In today’s post I’m talking about a four-leaved reflection model. I would have wanted to call today’s post “The Shamrock Reflection”, but apparently shamrock is only a three-leaved clover. The four-leaved version is no longer a shamrock. You live and learn.

Anyhow, the topic of today’s post is that when you fit two folding bicones into a single unit sphere of reflection, you’re bound to get a ‘scissor-like’ reflection pattern. That is, the connection point between the four cones (or the center of both bicones) is at the center of the unit sphere. Because the bicones are folded, it is impossible to get their both ends to touch. That is, if you tilt the bicones to just the right angle, so that the distance of neighboring motion vectors is the same for three pairs, but the distance of the fourth pair must always be longer. It’s like when you squeeze scissors, the handles never touch each other no matter how hard you squeeze, because the blades are closer to each other than the handles. In real life, there is usually a neat trick to prevent the blades from going past the ‘level point’, which is where the analogy here breaks a bit.

Here is a very rough model of the four-leaved reflection:

The three green vectors connecting the bases of the cones in this model aren’t actually of equal length just yet.
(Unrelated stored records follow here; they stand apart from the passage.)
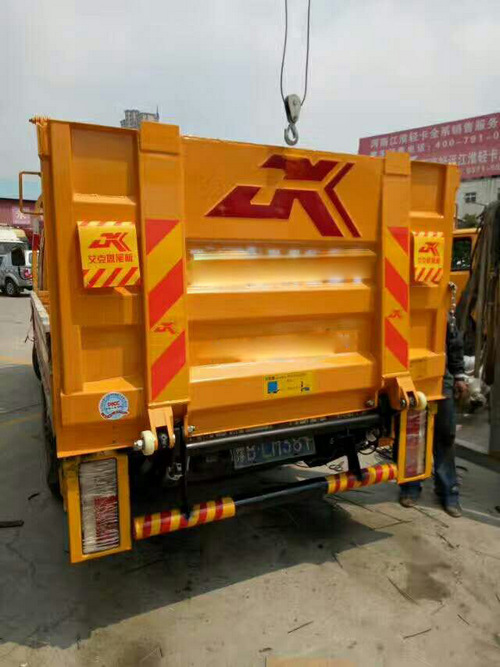 河南汽車尾板價格 河南汽車尾板價格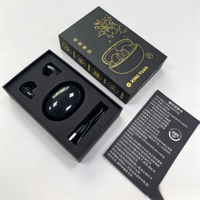 Boîte rigide sur mesure avec couvercle et base, noir mat, estampage à chaud en feuille d'or, gaufrage, 18 compartiments pour chocolats de qualité supérieure
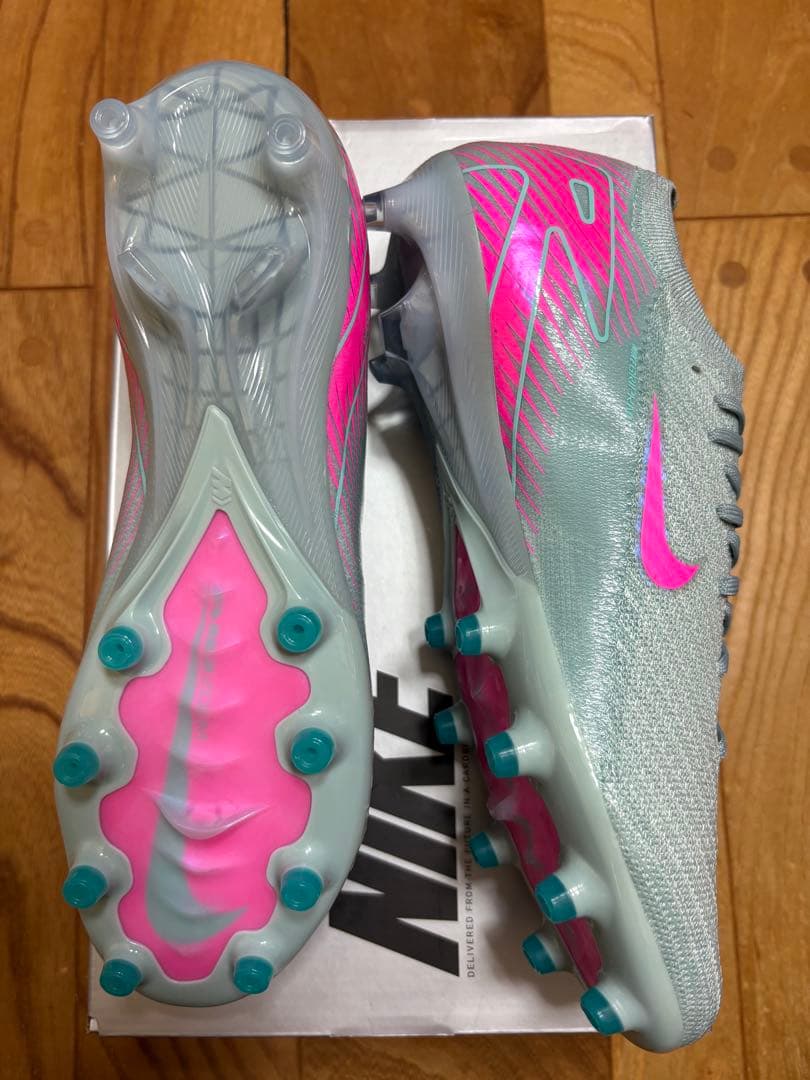 新品　特価　ナイキ　マーキュリアル ヴェイパー 16 エリート AG 25.5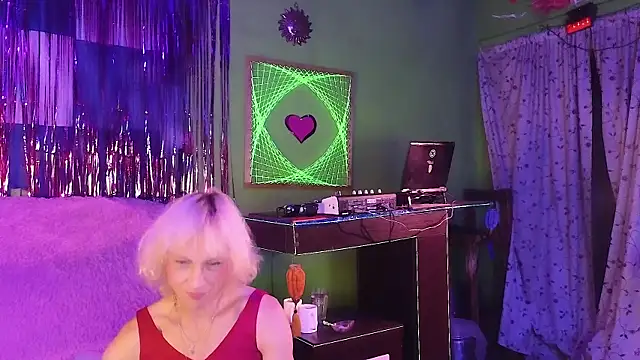 Alexa Cosmic online show from 10.04.25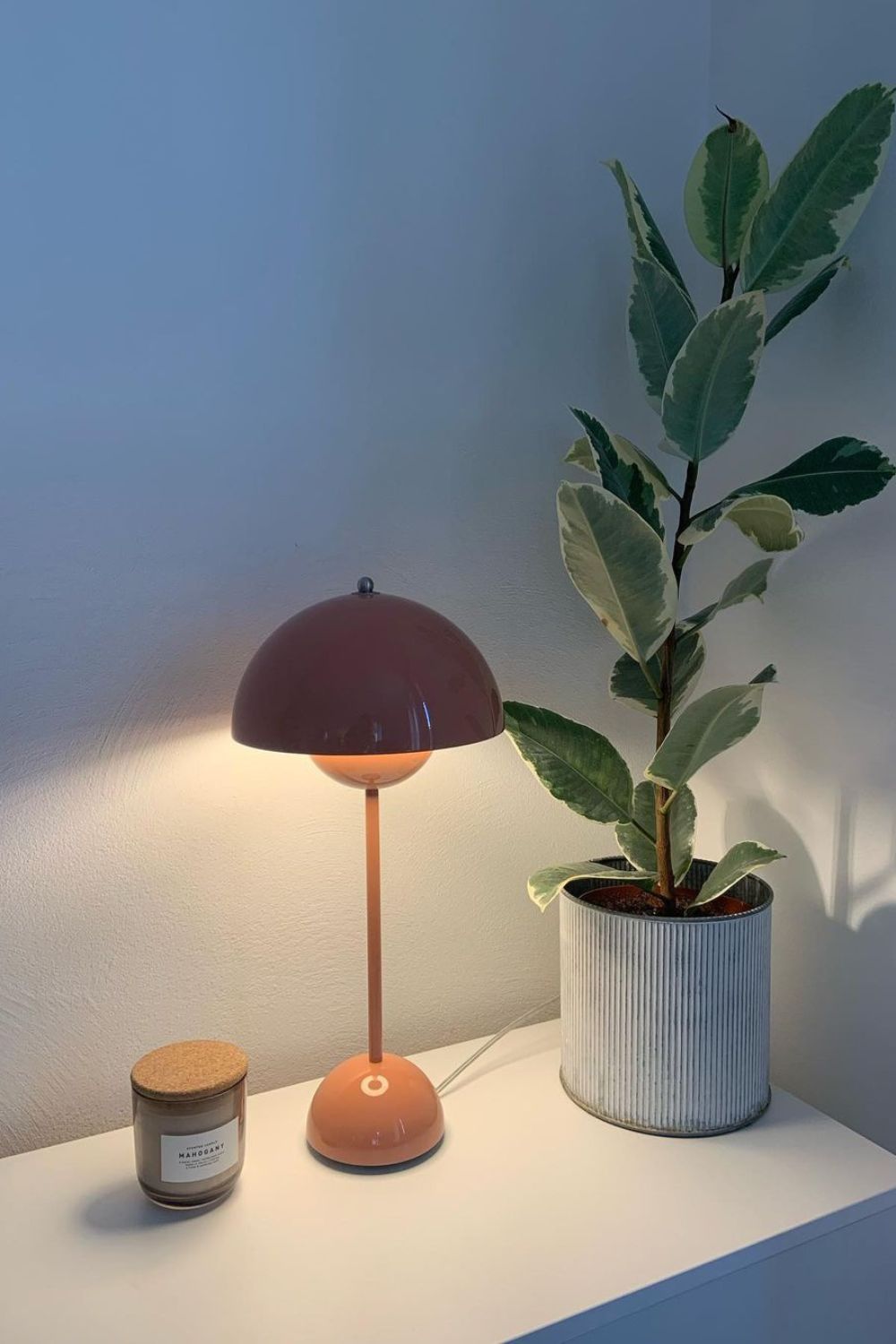 Flowerpot Table Lamp - SamuLighting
To do that I need to do a bit of math.

I think this model means that when the shape describes the reflections of molecules, one side of the molecule is reflected twice as often as the other side. However, the reason for this is so new to me that I won’t try to explain it in this post. But I’m quite confident that this is the first version of the theory where I don’t need to resort to “then a miracle occurs” logic.

I’m becoming increasingly more convinced that this is the final theory, even though I seem to be adding bits and bobs to it from post to post. This might just be the final bit. But only equations will tell me whether I’m right or wrong.